You may feel it's been quiet on the crafting front and, to some extent that's true. Since mid summer I've been trying to inject a bit of balance into my creative undertakings. I know, crazy.
I've been largely successful - if successful means unproductive. In short, I spend practically as much energy wondering what it means to be "not crafting enough" as I would have on actual crafting. The difference is that I can do that around my family.
Don't misunderstand. I have made 2 sweaters in the last 6 weeks, and a dress (which is very close to languishing on the lawn unless the advice to simply cut off the facing - which has been under- and top stitched to the dress neck - produces a wearable result. Note: I'm not optimistic and it's too bad cuz my workmanship on that thing kicks ass.) I've learned numerous knitting techniques, started working semi-regularly with a teacher and taken a course on Craftsy, which I intend to put into action soon. I know what projects I next want to undertake: a silk version of the Pendrell blouse, a wool version of my wide-leg pants sloper and another knitted sweater (which I'm in the process of using Ravelry's amazing platform to help me to choose).
And yet I feel like an under-performer.
Why is that? (This is another one of the things I've spent a lot of time considering while not crafting.) At first I blamed it on you. :-) I mean, you have expectations of me. You've come to expect certain things. You're probably sewing up a storm (or doing some other fab, creative activity) occasionally reminded that I really haven't produced much lately.

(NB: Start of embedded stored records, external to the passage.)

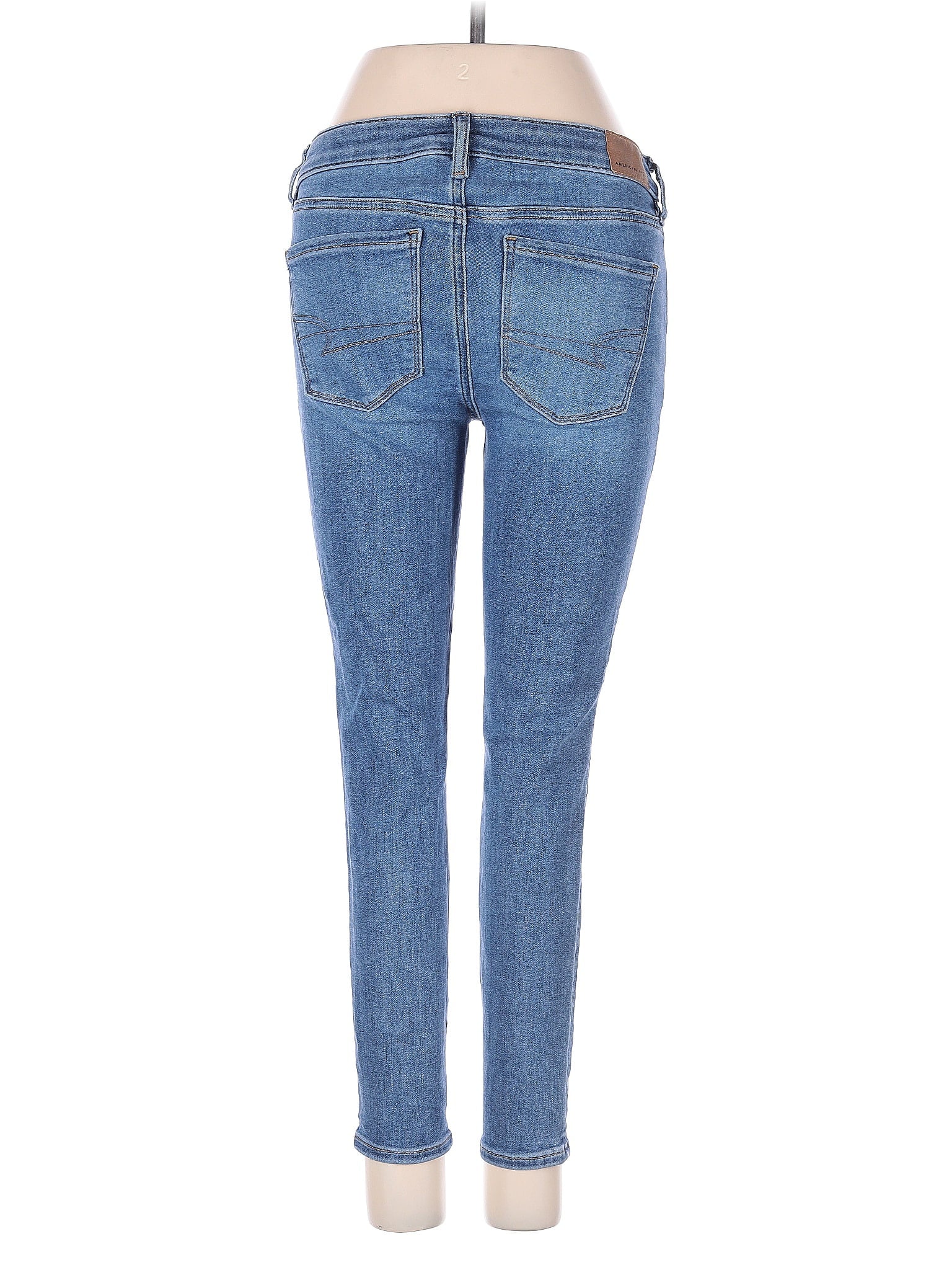 2 size - 4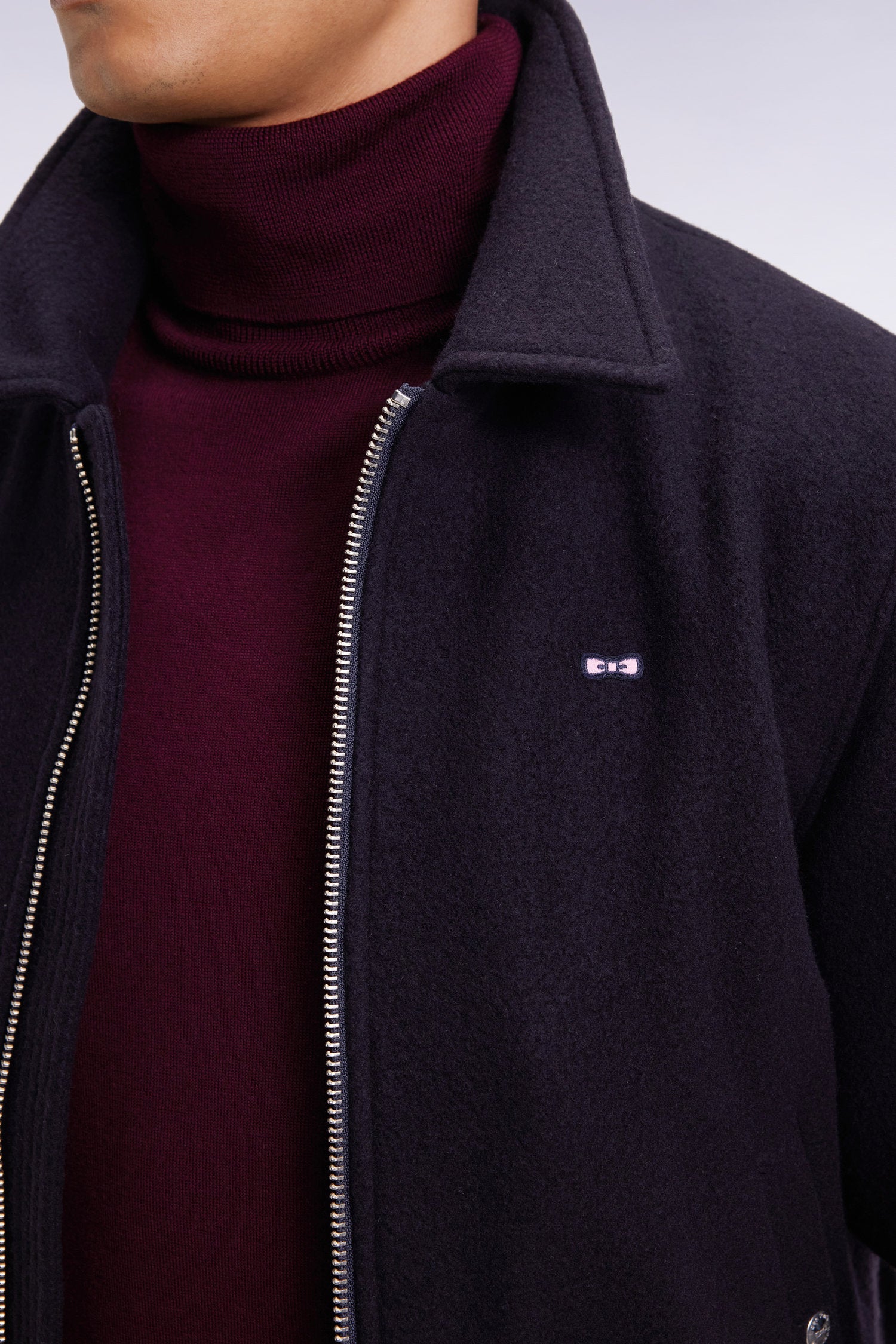 H25PAMBL0010_BLF23_d-hd-mfacepp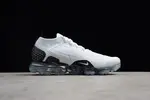 Nike Mens Air Vapormax Flyknit 2.0 Reverse Orca 942842-103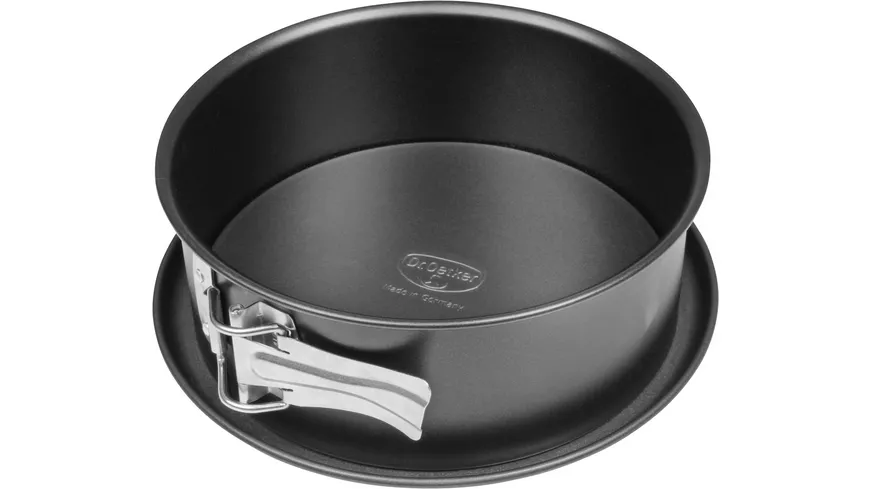 Dr.Oetker Springform Classic Ø 18cm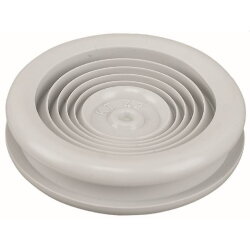 EATON Electric Kabeltülle KT42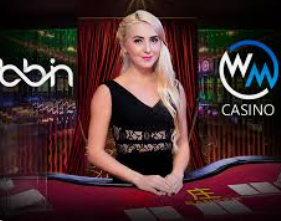 ayx游戏app2024最新版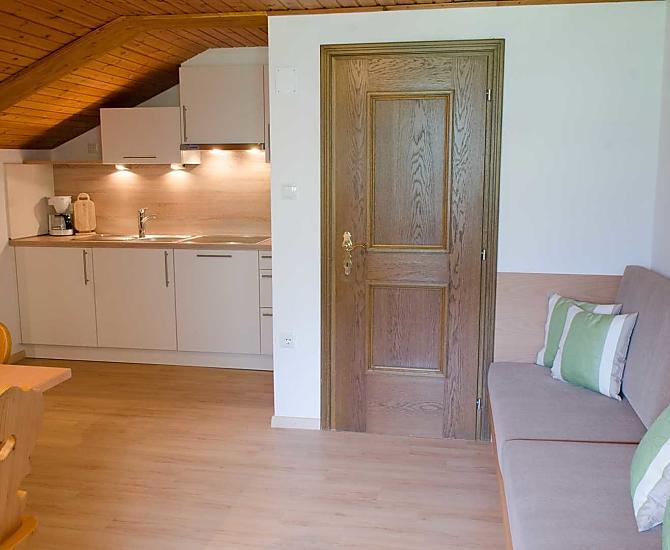 Schildhof Granstein - Bildergalerie Photo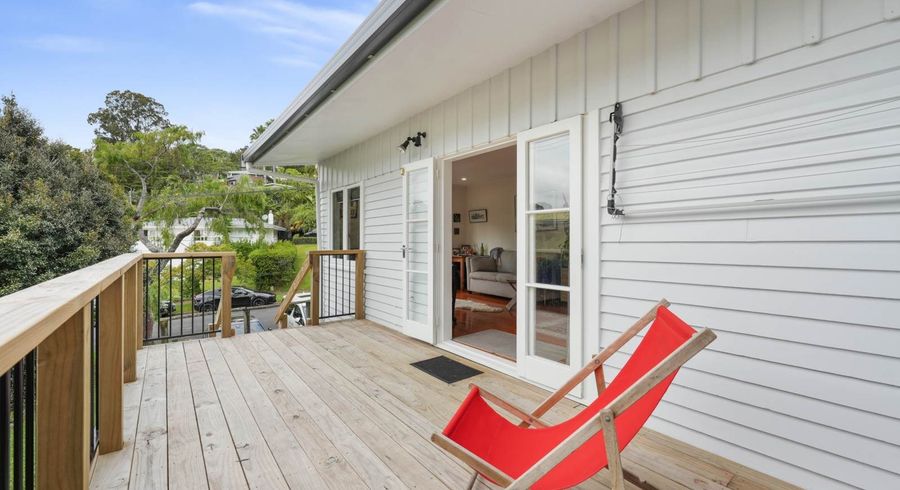  at 1/45 Hapua Street, Remuera, Auckland City, Auckland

Then it hit me that I really can be egomanical - as my husband loves to tell me. And projection truly is alive and well.
See, for better or for worse - put this on my pragmatism (which is legendary) or my people-pleasing nature - I am what I do. I'm only as good as that last technique, as that project in which I achieve and exceed expectations. The one in which I learn something I can apply going forward. Throw in a clinical dose of OCD and it's a veritable bomb.
Lord, that's a double-edged sword. On the one hand, I'm always motivated to do more - which inclines one to do more, don't you think? Note: I love finishing garments, and enjoying them (when they work out). It's not like I don't enjoy the crap out of the process or the outcome. On the other, I shouldn't be enslaved to these things (or more importantly, to my impression of what it means to do them in a more measured way).
Sorry to say, there's no point to this diatribe. I suspect I haven't resolved anything by reconsidering the topic or by writing about it. Of course, I love lively debate and commiseration (not that I wish this style on anyone), so we might be able to extract some meaning in that respect. Sometimes you have to put it down on paper to pick it up in real life. Here's hoping...
*Sounds deep, huh?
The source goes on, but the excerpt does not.